DE69908793T2 - ELECTROSTATIC FOCUSING DEVICE FOR AN EXPLOSIVE MISSILE - Google Patents

Abstract

The inventive environment sensor apparatus includes an electrostatic sensor carried by the projectile. The electrostatic sensor has first and second electrical conducting areas separated by a dielectric material to form two plates of a capacitor. The first electrical conducting area is conductively connected to a current-to-voltage converter and the second electrical conducting area is conductively connected to the outside projectile body surface. A time changing electric field surrounding the projectile causes a time changing current to flow within the electrostatic sensor, which is converted to a time changing voltage by the current-to-voltage converter. A threshold detector device is conductively connected to an output of the current-to-voltage converter and provides a voltage signal to the safe and arm mechanism when the time changing voltage signal from the current-to-voltage converter exceeds a predetermined level, to indicate that a change has occurred in the sensed muzzle exit environment.

Description

AREA OF INVENTION

The invention relates generally to an ignition device for a explosive projectile, and more specifically to an environmental sensor device the preamble of claim 1 for detecting the exit from the Projectile out of the muzzle firing to maintain the safety of the ignition system and timing for subsequent ignition functions initiate.

BACKGROUND THE INVENTION

A security and arming device is a required element of ammunition to ensure that the ammunition before the desired one Time is not armed and ignited. The security and arming device (S & S) is part of an ammunition security system and prevents arming the detonator until certain conditions are hit.
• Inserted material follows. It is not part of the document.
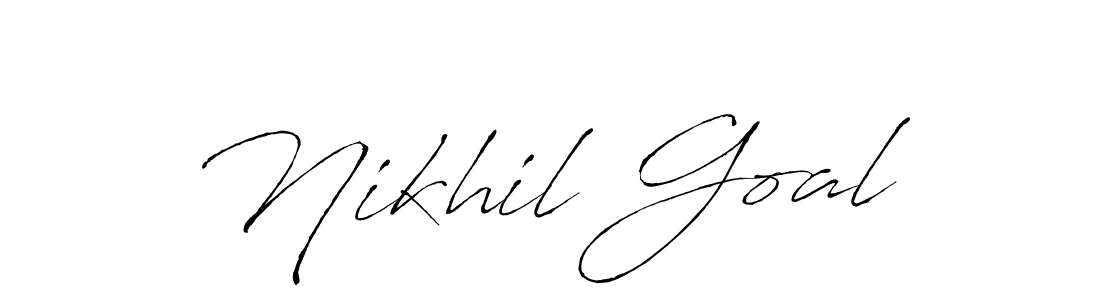 You can use this online signature creator to create a handwritten signature for the name Nikhil Goal. This is the best online autograph maker. Nikhil Goal signature style 6 images and pictures png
Many security and arming devices require two environments or events to operate and activate the detonator. The environments are two independent physical events that must be captured by the projectile or ammunition before arming is allowed. The first environment used is usually a damper that is both easily grasped and known in the art. For example, the commonly cited patent describes US 5,693,906 a first environment sensor device using a damper. The second environment can be based on a number of different parameters, such as. B. timing, escape from the pipe, counting the revolutions, etc. In addition, various techniques for determining the mouth or bore exit are known. For example, use the commonly cited patents US 5,497,704 and US 5,265,539 both magnetic sensors to determine the muzzle exit. The generally cited patent US 5,275,107 determines the muzzle exit based on a damper acceleration that goes to zero. The entire content of the generally known patents US 5,693,906, 5,265,539 and 5, 275.107 are hereby incorporated by reference.

An electrostatic proximity sensor for detonation with the features according to the preamble of claim 1 is known, see e.g. B. US 3,871,296 ,

All of these prior art techniques the technique for determining the second environment of the muzzle exit require an additional circuit, which to the complexity contributes to the device. One task is a technique for determining the second environment of the mouth exit to provide with the circuit that is already in the ammunition is included.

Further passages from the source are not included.